How will this duo and the resilience of Milan Luthria perform on the Box-Office remains to be seen. How they performed in the acting arena, however, I’ll describe in detail in the next sections.
Set in the emergency era of 1970s, the movie starts on a regal note. Maharani Gitanjali (Ilena D’cruz) is the heir to the royal seat of Jaipur in a post-independence India. Bhawani (Ajay Devgan) is her bodyguard, who has vowed to make sure Maharani goes through her otherwise problem-ridden life without any obstacles. Everyone else I’m afraid is either noise, a smokescreen, or unnecessarily buffed up. I’m talking about Sunny Leone, of course. You thought I was talking about Vidyut Jamwal didn’t you?
Then, as if she already didn’t have enough problems (first world problems) in her life, Maharani Gitanjali is faced with another one. You know it’s quite serious judging from the creases on her forehead and constantly changing fashion statement. Her ancestral gold has been confiscated by the government; the last of it being transported out of Jaipur. This takes us to Bhawani, and his crew Dalia (Emraan Hashmi) and Tikla (Sanjay Mishra), who will do everything in their power to loot that gold and take it back before it reaches Delhi. This invariably introduces the character of Officer Seher Singh (Vidyut Jamwal) who is supposedly trying to stop them from doing so. It also drops off Esha Gupta in the midst but I honestly don’t know why. I might’ve dozed off at the point when the plot changing reason for her to be in the movie was mentioned. Other than to show her sleek long legs and bad (read excruciating) acting, that is.
So with a whiff of the Ocean series, we begin on a swashbuckling adventure which promises plenty of action scenes, dramatic reveals, and thrill like you’ve never seen before. Get ready to see the Thar Desert more than you’d like to and a non-existent plot less than you’d like to. I think that rhymed.
String of Disappointments
Let’s get serious for a second. Baadshaho like any other Milan Luthria movie shows the audience a lot of dreams about what’s to come. The buildup is there; I don’t argue with that point. But ultimately -and I closely compare it to Once upon a time in Mumbai Dobara– the plot and the ensemble thereof fails to live up to its own hype. The first half manages to construct a very interesting and exciting picture of what’s to come, only to disappoint in the end. The second half is not what you expect it to be and the climax doesn’t come close to what it should be or could be. Either or both.

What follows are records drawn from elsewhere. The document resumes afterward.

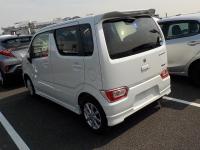 SUZUKI WAGON R 2017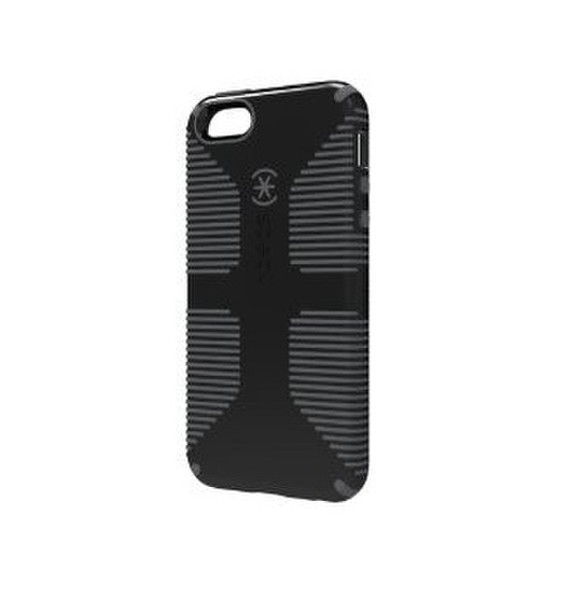 Speck CandyShell Grip Cover Black,Grey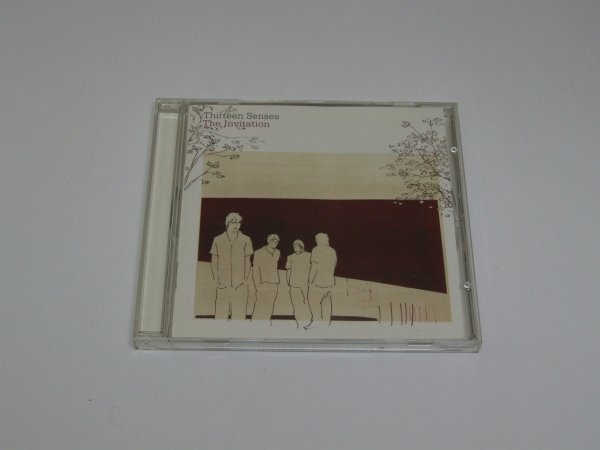 Thirteen Senses - The Invitation (CD)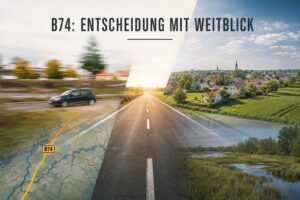 B74: Entlastung ja! Aber nicht um jeden Preis!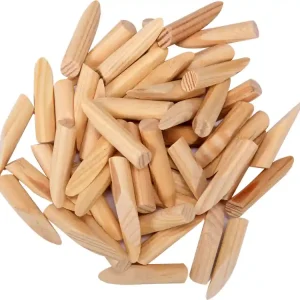 KOŁKI ZAŚLEPKI DO POŁĄCZEŃ KIESZENIOWYCH OPK. 50 SZT Nowość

I will truly like to mention it at this point that I was expecting to witness the genius of Luthria in work, like I did in Once upon a time in Mumbai. I have since then tried to make myself and many of my friends believe that it was not a one-time-fluke for the immensely talented maker. Maybe it’s time I made peace with the truth once and for all. Perhaps the conditions, the cast, and the time all fell in the right place for him the first time. After that, not so much. He just doesn’t seem to be achieving his full potential and with every near miss -or far off miss I guess- he appears to be going more and more towards the wrong end.
I’m not saying the movie is not good. It’s quite enjoyable. The dialogues are good. Acting at times is bearable. I would go as far to say it’s a one time watch. But does it do justice to the triumphant trio of Milan Luthria, Ajay Devgan, and Emraan Hashmi? I think not.